Um fantasma pairou sobre o movimento dos coletes amarelos na França. Insultos racistas foram proferidos por manifestantes no dia 17 de fevereiro contra o filósofo Alain Finkielkraut na mesma semana que suásticas foram pichadas em 90 túmulos de um cemitério judeu próximo a Strasbourg. A repulsa ao antissemitismo fez com que milhares de pessoas comparecessem a um protesto em Paris. Enquanto a líder da extrema direita, Marine Le Pen, tentava responsabilizar fundamentalistas islâmicos pelas agressões, o presidente Emmanuel Macron propôs novas medidas punitivas ao antissemitismo e apontou para uma criminalização do antisionismo, por considerar que ele seria uma atualização do antissemitismo. Vozes mais lúcidas como a da historiadora Annette Wieviorka e do sociólogo Dominique Vidal lançaram um alerta para o perigo da associação direta entre os dois conceitos e aos possíveis usos políticos dos crimes antissemitas.
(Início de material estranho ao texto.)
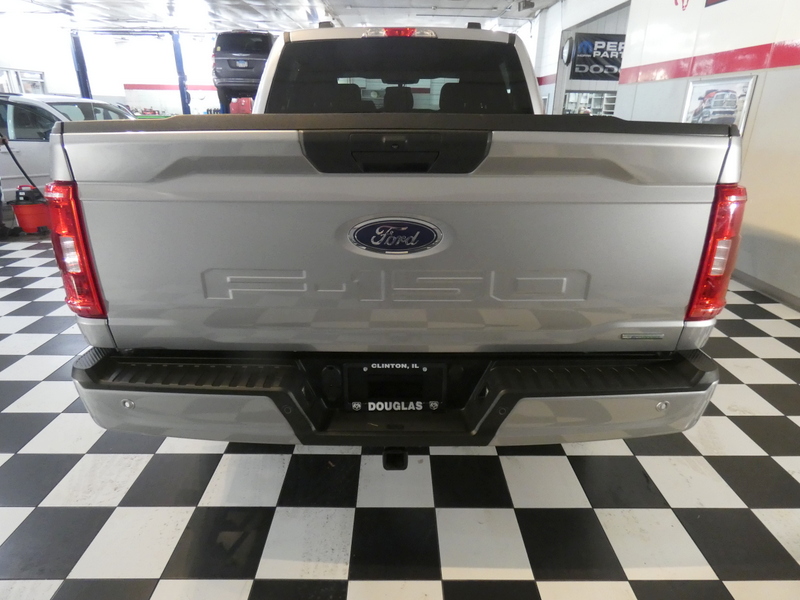 2022 Ford F-150 XLT photo 3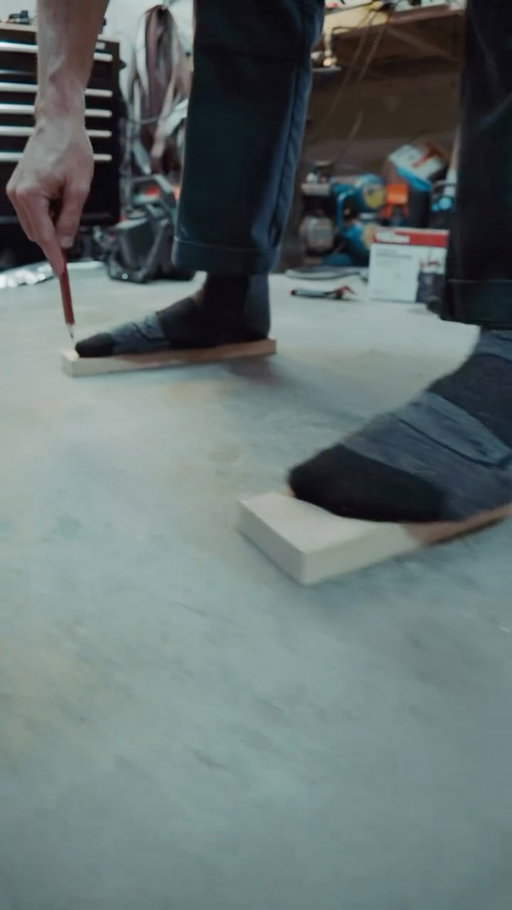9.2 on the right, 8.1 on the left.

Having different sized feet has always brought unique discomforts considering I have a job that leaves me on my feet and on rough terrain all day, often times leaving my shoes untied to avoid uncomfortable pressure from wrong-sized shoes.

But @RedWingWork has introduced some pretty sick technology into their sizing processes, and it was pretty cool to see the scans and actually SEE the difference in the data of what I was actually feeling in my feet day to day.
They were the first sizing experience I had where they actually considered the odd differences and actually accounted for them, picking the specific insoles that would mitigate any kind of discomfort.

Needless to say, the Red Wing Ultimate Fit Experience makes it easier to stay working, and stay at it. #RedWingPartner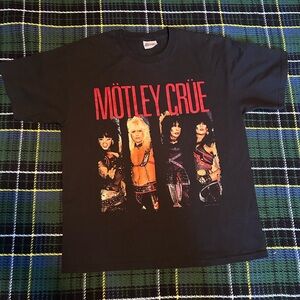 Y2K Motley Crue Shirt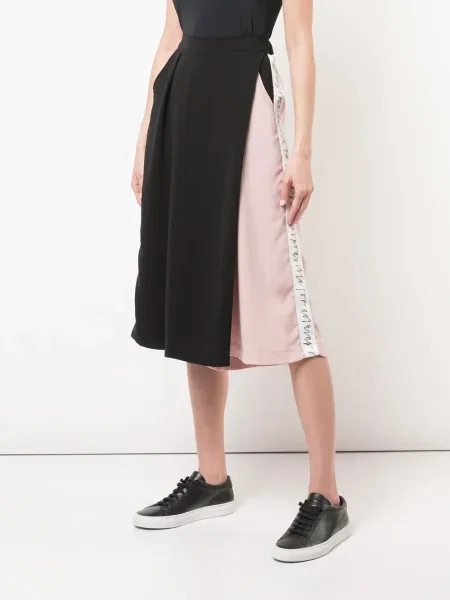 Cropp pantaloni Haculla roz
Em uma França constantemente acuada diante de questões migratórias e da ascensão de grupos nacionalistas, o movimento dos coletes amarelos parece estar hoje em uma sinuca de bico. Desde novembro de 2018 sua ação política foi marcada pela ambivalência e pela violenta negação da ordem vigente. Embora aproximações possam ser feitas com as jornadas de junho de 2013 no Brasil, é preciso um certo cuidado na comparação de diferentes contextos. O resultado dos coletes amarelos ainda é incerto, mas seus desejos disruptivos vêm forçando os atores políticos a redefinirem estratégias e a acionarem diversas formas de controle social para restabelecer a ordem pública.
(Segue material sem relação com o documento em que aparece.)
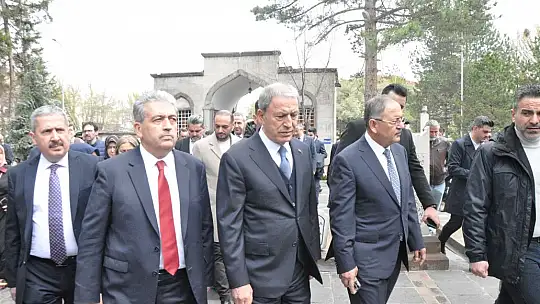 AK Parti heyeti, Seyyid Burhaneddin Türbesi'ni ziyaret etti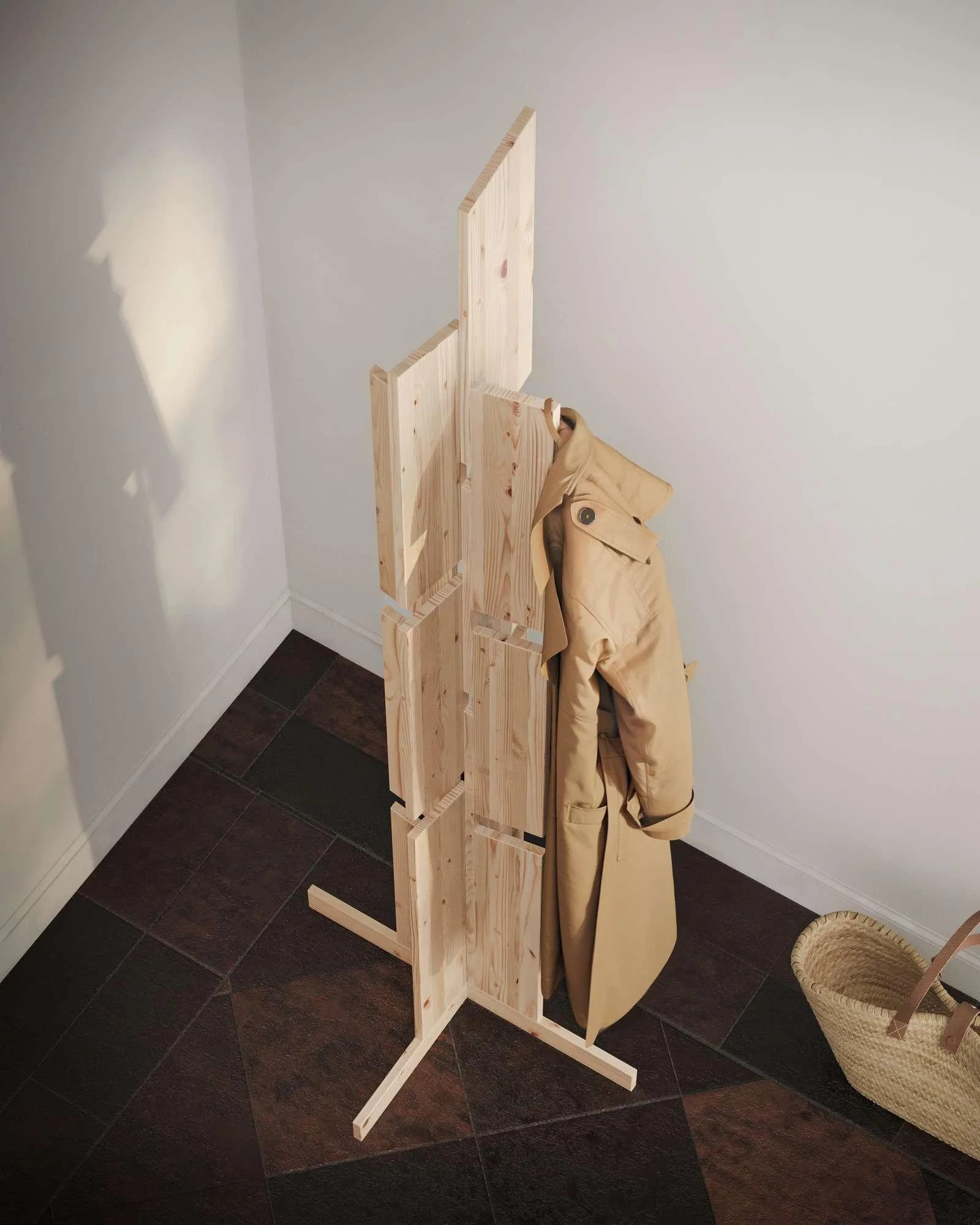 Karup Design Keeper Coat Stand 12 Haken Massivholz Raw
Um presidente dos ultra-ricos
Depois de 30 anos de implementação das políticas neoliberais na França, a eleição de Macron em 2017 sedimentou o fim do welfare state. Em uma sociobiografia do presidente, os sociólogos Monique Pinçon-Charlot e Michel Pinçon expuseram com detalhes a trajetória meteórica do ex-sócio-gerente do Banco Rothschild e a inserção crescente de gestores financeiros no âmbito do Estado. A administração pública tornou-se dependente do capital das empresas corporativas. O coroamento dessa parceria foi tanto a integração de tecnocratas ao primeiro e segundo escalões do governo federal quanto a distribuição de “presentes fiscais” pelo presidente.
A entrada de Macron na política ocorreu em 2014, quando assumiu o Ministério da Economia, Indústria e Assuntos Digitais no governo do socialista François Hollande (2012-2017). Macron concebeu então um pacote de políticas de austeridade que abrangia a revisão da carga tributária, a flexibilização das leis trabalhistas e cortes orçamentários dos serviços públicos. As mudanças impetradas conduziram paulatinamente a uma guinada liberal e resultou em fissuras estruturais no tradicional modelo social-democrata francês.
Uma onda de protestos, bloqueios e greves se abateu sobre o país, varrendo para segundo plano da cena política o Partido Socialista, que nas eleições presidenciais seguintes obteve insignificantes 6,3% dos votos no primeiro turno. Para se diferenciar de Hollande, Macron fundou em 2016 o República Em Marcha, pelo qual concorreu ao pleito. No segundo turno, cerca de 20 milhões de votos foram para sua candidatura, 10 milhões para a de Le Pen e mais de 15 milhões foram votos brancos, nulos e abstenções. Seu governo começava, assim, com uma base de apoio instável.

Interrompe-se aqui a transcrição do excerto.